Nous nous reconnaissons dans la déclaration universelle des droits de l’homme : « Tous les êtres humains naissent libres et égaux en dignité et en droits. Ils sont doués de raison et de conscience et doivent agir les uns envers les autres dans un esprit de fraternité », ainsi que dans la devise de notre république : « liberté, égalité, fraternité »
Le cri d’alerte d’une association en danger
Le risque est aujourd’hui réel : disparition progressive des ressources, usure des bénévoles, politiques publiques restrictives.

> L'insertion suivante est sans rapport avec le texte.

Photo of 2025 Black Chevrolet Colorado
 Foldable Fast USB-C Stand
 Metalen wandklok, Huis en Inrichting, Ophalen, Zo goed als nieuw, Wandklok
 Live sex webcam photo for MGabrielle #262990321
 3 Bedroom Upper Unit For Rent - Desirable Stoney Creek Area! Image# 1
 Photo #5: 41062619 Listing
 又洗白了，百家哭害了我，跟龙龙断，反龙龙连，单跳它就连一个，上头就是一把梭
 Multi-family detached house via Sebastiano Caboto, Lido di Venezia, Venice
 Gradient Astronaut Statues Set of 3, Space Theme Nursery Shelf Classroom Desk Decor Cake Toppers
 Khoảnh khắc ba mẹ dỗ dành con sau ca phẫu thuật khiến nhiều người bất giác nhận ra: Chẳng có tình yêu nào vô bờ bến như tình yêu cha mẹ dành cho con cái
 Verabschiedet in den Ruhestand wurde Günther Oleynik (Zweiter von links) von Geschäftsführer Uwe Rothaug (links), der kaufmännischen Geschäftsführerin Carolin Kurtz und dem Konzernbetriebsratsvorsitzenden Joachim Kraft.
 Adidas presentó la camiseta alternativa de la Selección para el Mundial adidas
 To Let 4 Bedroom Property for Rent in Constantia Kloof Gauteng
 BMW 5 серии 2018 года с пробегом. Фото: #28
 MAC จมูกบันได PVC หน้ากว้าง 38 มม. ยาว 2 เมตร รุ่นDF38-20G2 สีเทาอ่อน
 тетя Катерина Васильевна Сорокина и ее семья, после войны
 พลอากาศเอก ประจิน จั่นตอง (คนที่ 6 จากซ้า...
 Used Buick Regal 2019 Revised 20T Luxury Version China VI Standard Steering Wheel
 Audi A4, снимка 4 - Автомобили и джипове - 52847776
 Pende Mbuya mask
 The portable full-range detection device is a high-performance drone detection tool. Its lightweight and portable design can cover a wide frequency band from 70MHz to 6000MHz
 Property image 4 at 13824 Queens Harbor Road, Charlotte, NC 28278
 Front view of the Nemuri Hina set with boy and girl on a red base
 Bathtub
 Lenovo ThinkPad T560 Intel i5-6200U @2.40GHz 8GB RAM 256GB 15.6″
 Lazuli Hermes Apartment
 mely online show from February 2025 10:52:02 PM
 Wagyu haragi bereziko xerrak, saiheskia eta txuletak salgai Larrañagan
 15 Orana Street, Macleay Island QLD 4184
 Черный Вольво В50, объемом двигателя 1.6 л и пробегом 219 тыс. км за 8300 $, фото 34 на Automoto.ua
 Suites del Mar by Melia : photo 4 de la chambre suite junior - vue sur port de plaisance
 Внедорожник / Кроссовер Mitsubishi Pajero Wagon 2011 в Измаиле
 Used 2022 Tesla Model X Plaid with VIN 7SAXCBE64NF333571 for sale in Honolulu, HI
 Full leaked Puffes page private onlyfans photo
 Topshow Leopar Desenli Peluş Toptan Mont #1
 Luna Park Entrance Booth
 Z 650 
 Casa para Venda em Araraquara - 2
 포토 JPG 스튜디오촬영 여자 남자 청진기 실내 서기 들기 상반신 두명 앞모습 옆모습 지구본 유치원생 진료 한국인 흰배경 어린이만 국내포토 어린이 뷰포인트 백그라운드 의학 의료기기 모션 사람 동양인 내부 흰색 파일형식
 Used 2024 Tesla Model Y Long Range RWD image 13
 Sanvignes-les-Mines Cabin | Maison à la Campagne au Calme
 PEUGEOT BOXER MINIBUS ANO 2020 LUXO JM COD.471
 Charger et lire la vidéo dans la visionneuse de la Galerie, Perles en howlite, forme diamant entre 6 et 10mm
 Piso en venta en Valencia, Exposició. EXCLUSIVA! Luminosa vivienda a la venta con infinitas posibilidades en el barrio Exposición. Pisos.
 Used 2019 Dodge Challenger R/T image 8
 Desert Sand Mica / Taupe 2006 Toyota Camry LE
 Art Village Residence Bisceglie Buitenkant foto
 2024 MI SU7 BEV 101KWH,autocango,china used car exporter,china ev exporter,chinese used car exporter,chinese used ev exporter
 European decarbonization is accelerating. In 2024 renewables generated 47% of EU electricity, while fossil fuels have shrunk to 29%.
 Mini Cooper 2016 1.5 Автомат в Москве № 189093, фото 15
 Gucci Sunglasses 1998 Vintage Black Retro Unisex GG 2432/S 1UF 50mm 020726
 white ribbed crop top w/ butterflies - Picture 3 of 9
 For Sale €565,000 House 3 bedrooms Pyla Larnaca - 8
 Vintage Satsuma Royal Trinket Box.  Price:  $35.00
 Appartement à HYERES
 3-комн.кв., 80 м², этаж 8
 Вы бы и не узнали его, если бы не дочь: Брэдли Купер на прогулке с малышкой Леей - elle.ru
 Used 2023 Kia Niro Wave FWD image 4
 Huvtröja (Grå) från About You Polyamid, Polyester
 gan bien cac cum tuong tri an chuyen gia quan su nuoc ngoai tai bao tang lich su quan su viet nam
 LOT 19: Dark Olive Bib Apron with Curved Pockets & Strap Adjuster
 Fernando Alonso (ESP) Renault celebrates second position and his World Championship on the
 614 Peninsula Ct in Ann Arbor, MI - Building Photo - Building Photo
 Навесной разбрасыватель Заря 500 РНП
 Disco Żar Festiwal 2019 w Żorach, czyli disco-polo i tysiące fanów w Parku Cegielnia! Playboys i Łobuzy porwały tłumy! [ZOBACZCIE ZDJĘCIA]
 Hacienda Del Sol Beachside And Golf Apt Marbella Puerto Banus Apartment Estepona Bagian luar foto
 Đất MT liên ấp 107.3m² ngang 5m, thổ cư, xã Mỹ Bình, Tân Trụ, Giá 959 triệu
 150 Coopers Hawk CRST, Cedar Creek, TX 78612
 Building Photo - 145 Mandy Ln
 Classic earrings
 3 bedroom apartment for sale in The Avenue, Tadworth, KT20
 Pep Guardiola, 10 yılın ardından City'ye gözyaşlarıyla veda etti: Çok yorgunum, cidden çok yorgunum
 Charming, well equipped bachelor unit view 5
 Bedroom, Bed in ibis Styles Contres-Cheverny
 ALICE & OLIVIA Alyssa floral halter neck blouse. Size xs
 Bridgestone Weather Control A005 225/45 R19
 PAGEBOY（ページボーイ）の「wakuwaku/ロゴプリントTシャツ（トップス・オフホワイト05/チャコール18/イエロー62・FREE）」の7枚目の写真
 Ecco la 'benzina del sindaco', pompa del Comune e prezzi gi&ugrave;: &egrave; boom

Alors que la crise du logement explose partout en France, l’existence même de Cent pour un devient un symbole du repli national sur l’hébergement des sans-papiers, et de la capacité de la société française à ne pas abandonner les plus vulnérables.
Dans son dernier forum de “L’Humanité sans limite” tenu en avril 2025, le collectif posait un constat brûlant d’actualité : « Il y a des mécanismes de déshumanisation à l’œuvre et nous décidons ici d’y opposer des leviers d’humanité». Derrière cette assertion, un constat limpide : sans engagement collectif, sans relai des solidarités locales, ce rempart citoyen pourrait disparaître, emportant avec lui les dernières lueurs d’un accueil inconditionnel.
“Nous venons d’horizons différents, nos croyances ne sont pas les mêmes, mais nous partageons quelques valeurs fondamentales”.
Un appel à la mobilisation : AG exceptionnelle le 3 novembre
Face à cette urgence, le collectif associatif convie ses donateurs, bénévoles et partenaires à une assemblée générale exceptionnelle, le lundi 3 novembre 2025 au Carré des Associations (100, avenue de Colmar, Mulhouse), pour réfléchir ensemble à l’avenir du réseau, aux solutions possibles et, si nécessaire, à une mobilisation élargie pour éviter le pire. L’avenir de dizaines de familles dépend de la capacité du collectif et de ses soutiens à transformer l’urgence en action pérenne.